Meskipun peraturan perundang-undangan ini berada di luar kodifikasi KUHP, namun biasanya Peraturan ini digolongkan sebagai salah satu peraturan perundang-undangan yang populer terkait dengan tindak pidana aset tanah dan bangunan, lanjutnya.
Masyarakat umum menyebutnya sebagai pasal “Penyerobotan Tanah”. adapun bunyi Pasal 2 Peraturan Pemerintah Pengganti Undang-Undang Nomor 51 Tahun 1960 Tentang Larangan Pemakaian Tanah Tanpa Izin Yang Berhak atau kuasanya adalah “Dilarang memakai tanah tanpa izin yang berhak atau kuasanya yang sah,” terang Riyan.
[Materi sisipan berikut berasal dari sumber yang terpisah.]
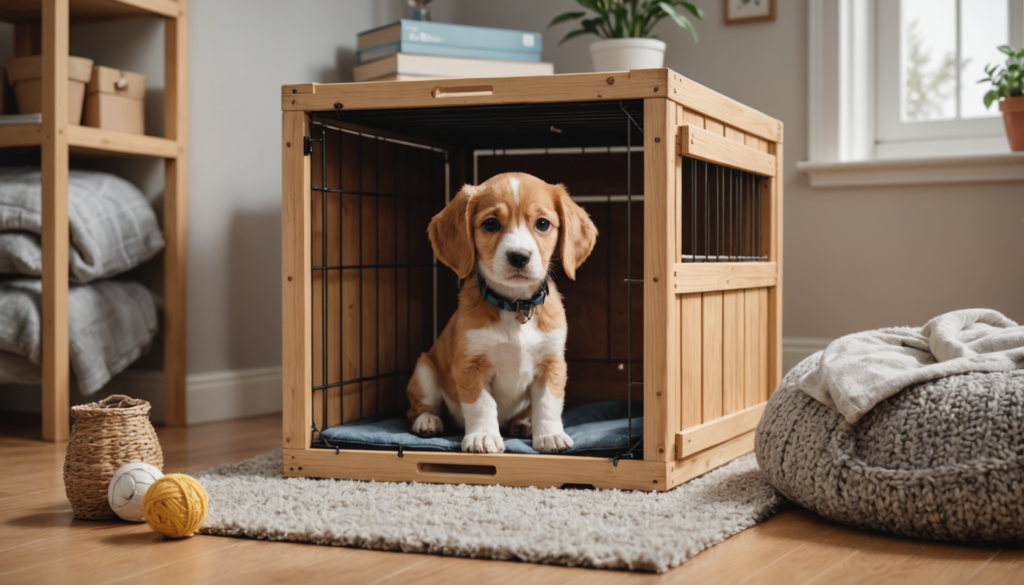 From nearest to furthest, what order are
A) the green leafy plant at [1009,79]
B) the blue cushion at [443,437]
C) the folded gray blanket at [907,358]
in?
1. the folded gray blanket at [907,358]
2. the blue cushion at [443,437]
3. the green leafy plant at [1009,79]

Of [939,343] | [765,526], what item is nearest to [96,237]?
[765,526]

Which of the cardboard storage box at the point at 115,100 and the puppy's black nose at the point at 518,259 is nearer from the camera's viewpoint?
the puppy's black nose at the point at 518,259

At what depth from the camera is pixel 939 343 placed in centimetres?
167

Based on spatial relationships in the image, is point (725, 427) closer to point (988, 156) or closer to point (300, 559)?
point (300, 559)

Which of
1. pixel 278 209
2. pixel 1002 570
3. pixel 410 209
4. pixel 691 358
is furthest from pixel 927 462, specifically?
pixel 278 209

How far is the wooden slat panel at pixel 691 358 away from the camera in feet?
6.15

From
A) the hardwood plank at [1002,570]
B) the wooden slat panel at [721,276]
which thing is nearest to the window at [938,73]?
the wooden slat panel at [721,276]

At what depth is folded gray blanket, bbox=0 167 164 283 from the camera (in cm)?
247

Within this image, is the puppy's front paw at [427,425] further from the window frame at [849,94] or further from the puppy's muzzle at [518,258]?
the window frame at [849,94]

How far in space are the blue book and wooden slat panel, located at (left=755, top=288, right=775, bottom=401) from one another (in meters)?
1.09

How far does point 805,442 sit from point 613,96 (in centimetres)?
74

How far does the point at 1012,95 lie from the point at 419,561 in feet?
7.48

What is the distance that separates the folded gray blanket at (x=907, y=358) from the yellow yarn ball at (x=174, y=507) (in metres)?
1.08

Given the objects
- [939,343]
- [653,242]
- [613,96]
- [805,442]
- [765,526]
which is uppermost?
[613,96] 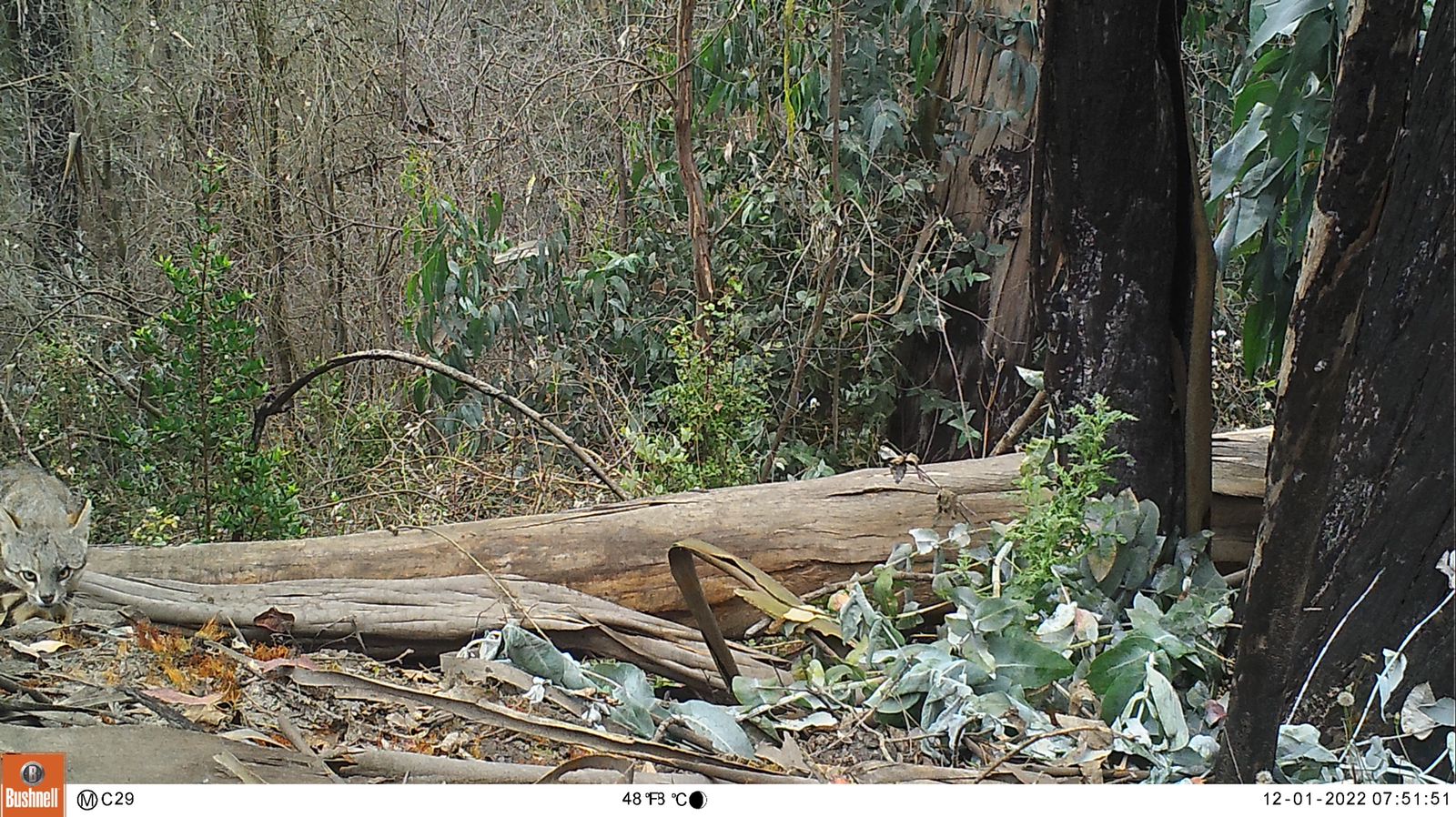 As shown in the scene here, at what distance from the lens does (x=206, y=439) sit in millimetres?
2707

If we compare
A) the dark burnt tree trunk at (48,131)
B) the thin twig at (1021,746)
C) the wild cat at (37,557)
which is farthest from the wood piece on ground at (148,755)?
the dark burnt tree trunk at (48,131)

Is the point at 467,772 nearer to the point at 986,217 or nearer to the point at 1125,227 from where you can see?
the point at 1125,227

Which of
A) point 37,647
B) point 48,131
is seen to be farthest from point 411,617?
point 48,131

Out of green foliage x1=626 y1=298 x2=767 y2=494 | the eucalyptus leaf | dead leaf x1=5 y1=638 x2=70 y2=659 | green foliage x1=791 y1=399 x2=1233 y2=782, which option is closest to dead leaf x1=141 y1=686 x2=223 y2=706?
dead leaf x1=5 y1=638 x2=70 y2=659

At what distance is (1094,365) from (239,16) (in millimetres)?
3534

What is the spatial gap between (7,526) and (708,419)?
1756mm

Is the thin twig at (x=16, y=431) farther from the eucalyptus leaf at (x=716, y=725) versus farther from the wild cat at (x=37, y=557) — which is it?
the eucalyptus leaf at (x=716, y=725)

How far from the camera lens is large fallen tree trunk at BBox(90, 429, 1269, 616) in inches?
81.5

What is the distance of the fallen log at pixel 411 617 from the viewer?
6.09 feet

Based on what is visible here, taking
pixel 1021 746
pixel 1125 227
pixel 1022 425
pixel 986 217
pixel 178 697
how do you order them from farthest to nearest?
pixel 986 217 < pixel 1022 425 < pixel 1125 227 < pixel 178 697 < pixel 1021 746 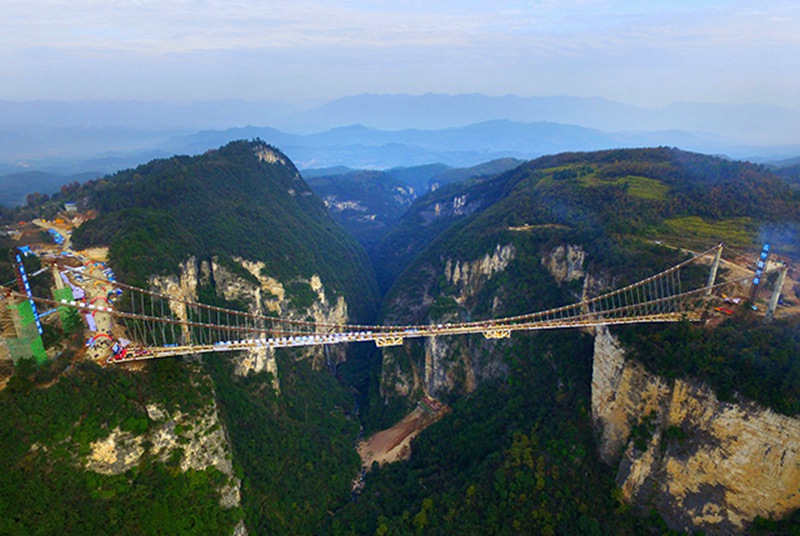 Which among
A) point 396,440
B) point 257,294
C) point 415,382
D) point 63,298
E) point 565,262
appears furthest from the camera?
point 415,382

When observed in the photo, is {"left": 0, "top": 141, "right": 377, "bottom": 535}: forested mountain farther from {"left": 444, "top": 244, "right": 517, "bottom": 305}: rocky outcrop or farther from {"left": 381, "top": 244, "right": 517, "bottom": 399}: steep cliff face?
{"left": 444, "top": 244, "right": 517, "bottom": 305}: rocky outcrop

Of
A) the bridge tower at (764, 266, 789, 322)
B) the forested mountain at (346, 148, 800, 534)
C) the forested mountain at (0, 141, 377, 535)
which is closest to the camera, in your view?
the forested mountain at (0, 141, 377, 535)

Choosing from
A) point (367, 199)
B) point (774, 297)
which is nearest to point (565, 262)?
point (774, 297)

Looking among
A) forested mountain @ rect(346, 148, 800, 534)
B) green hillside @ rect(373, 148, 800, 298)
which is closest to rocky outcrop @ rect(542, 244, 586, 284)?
forested mountain @ rect(346, 148, 800, 534)

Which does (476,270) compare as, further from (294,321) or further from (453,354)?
(294,321)

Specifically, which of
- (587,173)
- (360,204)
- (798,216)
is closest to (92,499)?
(798,216)

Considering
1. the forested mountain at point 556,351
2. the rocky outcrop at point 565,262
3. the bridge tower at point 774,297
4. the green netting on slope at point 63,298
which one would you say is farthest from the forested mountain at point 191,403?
the bridge tower at point 774,297

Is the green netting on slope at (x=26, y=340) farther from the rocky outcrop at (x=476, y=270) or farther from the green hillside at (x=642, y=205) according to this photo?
the rocky outcrop at (x=476, y=270) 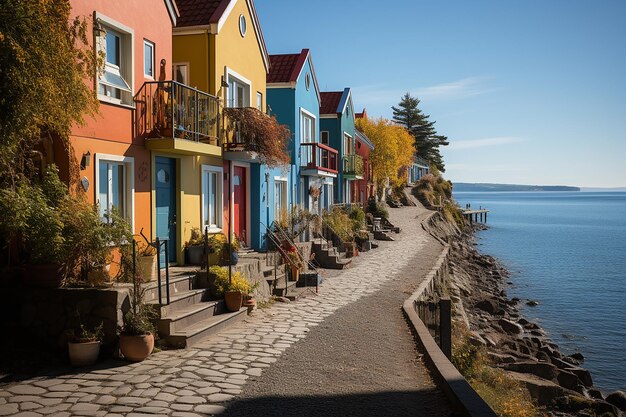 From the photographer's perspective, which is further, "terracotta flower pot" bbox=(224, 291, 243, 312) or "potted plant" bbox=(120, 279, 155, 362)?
"terracotta flower pot" bbox=(224, 291, 243, 312)

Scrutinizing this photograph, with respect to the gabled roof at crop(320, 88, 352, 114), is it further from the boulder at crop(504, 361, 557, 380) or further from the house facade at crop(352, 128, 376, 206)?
the boulder at crop(504, 361, 557, 380)

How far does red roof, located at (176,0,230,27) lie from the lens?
55.4 ft

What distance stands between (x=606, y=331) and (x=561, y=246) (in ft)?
137

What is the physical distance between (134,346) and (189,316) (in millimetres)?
1973

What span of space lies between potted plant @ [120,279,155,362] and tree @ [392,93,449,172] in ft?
301

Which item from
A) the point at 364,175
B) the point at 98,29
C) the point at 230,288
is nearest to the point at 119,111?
the point at 98,29

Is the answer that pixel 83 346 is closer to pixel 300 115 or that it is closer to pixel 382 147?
pixel 300 115

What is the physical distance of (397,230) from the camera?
41438 mm

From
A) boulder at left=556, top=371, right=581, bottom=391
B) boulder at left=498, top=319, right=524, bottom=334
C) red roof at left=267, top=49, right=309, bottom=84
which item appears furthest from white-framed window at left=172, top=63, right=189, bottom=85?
boulder at left=498, top=319, right=524, bottom=334

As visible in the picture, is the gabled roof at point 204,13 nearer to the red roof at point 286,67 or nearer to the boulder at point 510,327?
the red roof at point 286,67

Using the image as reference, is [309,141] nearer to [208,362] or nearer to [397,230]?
[397,230]

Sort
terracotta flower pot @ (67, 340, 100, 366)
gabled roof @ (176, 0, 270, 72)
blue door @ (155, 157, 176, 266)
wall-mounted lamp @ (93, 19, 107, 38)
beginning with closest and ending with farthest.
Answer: terracotta flower pot @ (67, 340, 100, 366) < wall-mounted lamp @ (93, 19, 107, 38) < blue door @ (155, 157, 176, 266) < gabled roof @ (176, 0, 270, 72)

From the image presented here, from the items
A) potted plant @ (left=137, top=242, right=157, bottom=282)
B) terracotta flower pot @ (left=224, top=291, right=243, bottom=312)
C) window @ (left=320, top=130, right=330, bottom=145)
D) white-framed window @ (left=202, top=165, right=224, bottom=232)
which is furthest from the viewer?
window @ (left=320, top=130, right=330, bottom=145)

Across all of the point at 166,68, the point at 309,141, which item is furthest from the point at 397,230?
the point at 166,68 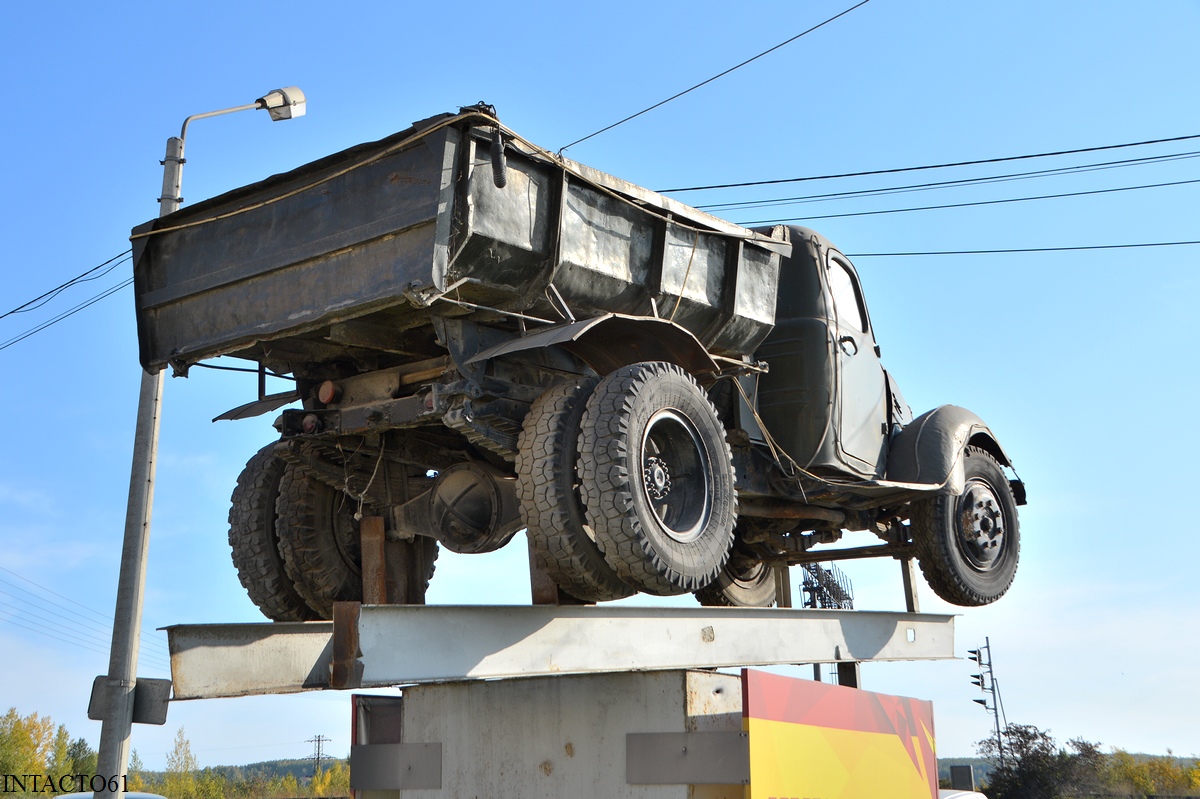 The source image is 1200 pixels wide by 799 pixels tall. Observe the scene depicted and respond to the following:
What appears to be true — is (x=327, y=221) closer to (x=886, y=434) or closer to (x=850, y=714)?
(x=850, y=714)

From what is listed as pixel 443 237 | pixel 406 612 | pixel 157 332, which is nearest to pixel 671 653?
pixel 406 612

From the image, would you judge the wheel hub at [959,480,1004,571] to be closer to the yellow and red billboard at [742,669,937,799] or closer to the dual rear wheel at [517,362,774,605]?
the yellow and red billboard at [742,669,937,799]

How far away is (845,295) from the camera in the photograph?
8.70 meters

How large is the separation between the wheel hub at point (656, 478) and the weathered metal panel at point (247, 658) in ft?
5.76

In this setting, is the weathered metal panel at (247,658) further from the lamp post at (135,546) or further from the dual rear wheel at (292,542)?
the lamp post at (135,546)

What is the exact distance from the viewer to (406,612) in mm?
5113

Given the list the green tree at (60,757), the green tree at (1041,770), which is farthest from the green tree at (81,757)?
the green tree at (1041,770)

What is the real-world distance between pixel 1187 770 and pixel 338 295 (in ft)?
133

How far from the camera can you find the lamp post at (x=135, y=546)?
6.87 m

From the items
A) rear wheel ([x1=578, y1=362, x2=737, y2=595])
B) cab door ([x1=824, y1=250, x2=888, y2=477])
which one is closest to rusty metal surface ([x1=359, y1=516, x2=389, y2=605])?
rear wheel ([x1=578, y1=362, x2=737, y2=595])

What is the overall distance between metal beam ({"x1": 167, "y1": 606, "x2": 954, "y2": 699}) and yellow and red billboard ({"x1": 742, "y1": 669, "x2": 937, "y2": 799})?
0.69 m

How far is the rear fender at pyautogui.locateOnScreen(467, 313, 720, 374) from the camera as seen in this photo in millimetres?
6305

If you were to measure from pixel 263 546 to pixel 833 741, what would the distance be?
343cm

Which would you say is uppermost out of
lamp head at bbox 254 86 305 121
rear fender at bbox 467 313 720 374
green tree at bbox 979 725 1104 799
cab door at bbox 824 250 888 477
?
lamp head at bbox 254 86 305 121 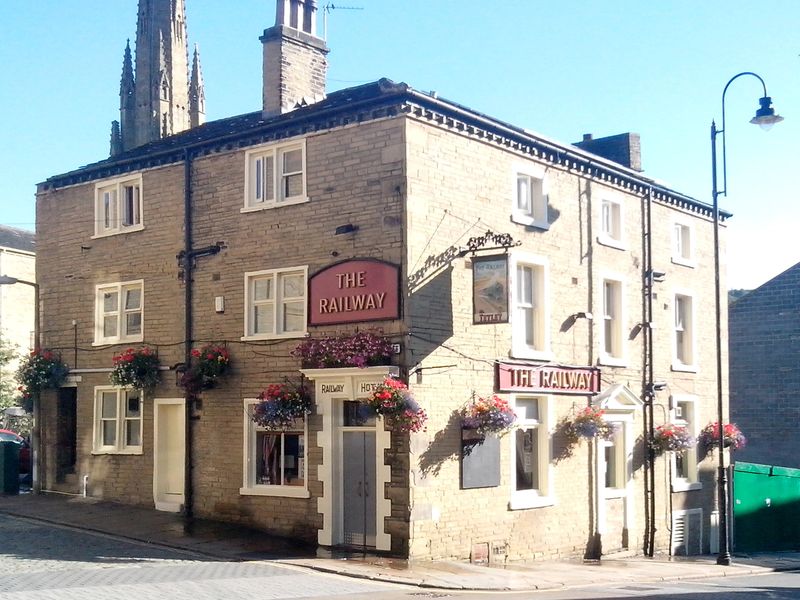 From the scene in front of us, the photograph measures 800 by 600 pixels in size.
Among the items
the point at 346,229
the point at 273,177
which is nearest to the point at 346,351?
the point at 346,229

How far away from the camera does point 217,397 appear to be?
20.8 m

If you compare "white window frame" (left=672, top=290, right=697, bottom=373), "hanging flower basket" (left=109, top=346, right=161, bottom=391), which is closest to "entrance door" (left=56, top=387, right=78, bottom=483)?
"hanging flower basket" (left=109, top=346, right=161, bottom=391)

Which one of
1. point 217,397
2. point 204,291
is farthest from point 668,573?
point 204,291

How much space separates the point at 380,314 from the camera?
1809cm

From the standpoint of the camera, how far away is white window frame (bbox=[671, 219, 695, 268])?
87.3ft

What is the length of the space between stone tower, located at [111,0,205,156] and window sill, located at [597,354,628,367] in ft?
159

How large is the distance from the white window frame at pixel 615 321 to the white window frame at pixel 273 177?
25.4ft

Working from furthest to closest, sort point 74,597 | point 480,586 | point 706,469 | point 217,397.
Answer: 1. point 706,469
2. point 217,397
3. point 480,586
4. point 74,597

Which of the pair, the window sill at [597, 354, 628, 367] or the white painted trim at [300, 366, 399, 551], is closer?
the white painted trim at [300, 366, 399, 551]

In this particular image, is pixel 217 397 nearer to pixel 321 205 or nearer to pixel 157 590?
pixel 321 205

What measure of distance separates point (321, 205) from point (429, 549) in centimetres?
673

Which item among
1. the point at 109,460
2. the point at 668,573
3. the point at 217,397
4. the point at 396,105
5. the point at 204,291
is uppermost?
the point at 396,105

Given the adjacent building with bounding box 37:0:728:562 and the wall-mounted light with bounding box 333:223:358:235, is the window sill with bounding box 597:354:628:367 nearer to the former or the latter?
the adjacent building with bounding box 37:0:728:562

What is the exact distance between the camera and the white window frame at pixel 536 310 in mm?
20500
Kemudian menurut Riyan, hal tersebut juga melanggar pasal 6 Peraturan Pemerintah Pengganti Undang-Undang Nomor 51 Tahun 1960 Tentang Larangan Pemakaian Tanah Tanpa Izin Yang Berhak atau kuasanya yang menyebutkan sebagai berikut;
- Dengan tidak mengurangi berlakunya ketentuan dalam pasal-pasal 3, 4 dan 5, maka dapat dipidana dengan hukuman kurungan selama-lamanya 3 (tiga) bulan dan/atau denda sebanyak-banyaknya Rp. 5.000,- (lima ribu rupiah);
- Barang siapa memakai tanah tanpa izin yang berhak atau kuasanya yang sah, dengan ketentuan, bahwa jika mengenai tanah-tanah perkebunan dan hutan dikecualikan mereka yang akan diselesaikan menurut pasal 5 ayat (1);
- Barang siapa mengganggu yang berhak atau kuasanya yang sah didalam menggunakan haknya atas suatu bidang tanah;
- Barang siapa menyuruh, mengajak, membujuk atau menganjurkan dengan lisan atau tulisan untuk melakukan perbuatan yang dimaksud dalam pasal 2 atau huruf b dari ayat (1) pasal ini;
- Barang siapa memberi bantuan dengan cara apapun juga untuk melakukan perbuatan tersebut pada pasal 2 atau huruf b dari ayat (1) pasal ini.
Ketentuan-ketentuan mengenai penyelesaian yang diadakan oleh Menteri Agraria dan Penguasa Daerah sebagai yang dimaksud dalam pasal-pasal 3 dan 5 dapat memuat ancaman pidana dengan hukuman kurungan selama-lamanya 3 (tiga) bulan dan/atau denda sebanyak-banyaknya Rp. 5.000,- (lima ribu rupiah) terhadap siapa yang melanggar atau tidak memenuhinya.
“Tindak pidana tersebut dalam pasal ini adalah pelanggaran,” tutup Riyan Permana Putra yang juga ketua PPKHI kota Bukittinggi dan Agam.
Untuk keberimbangan pemberitaan, Banuaminang.co.id belum meminta konfirmasi dan keterangan kepada H ataupun pengacara atau kuasa hukumnya.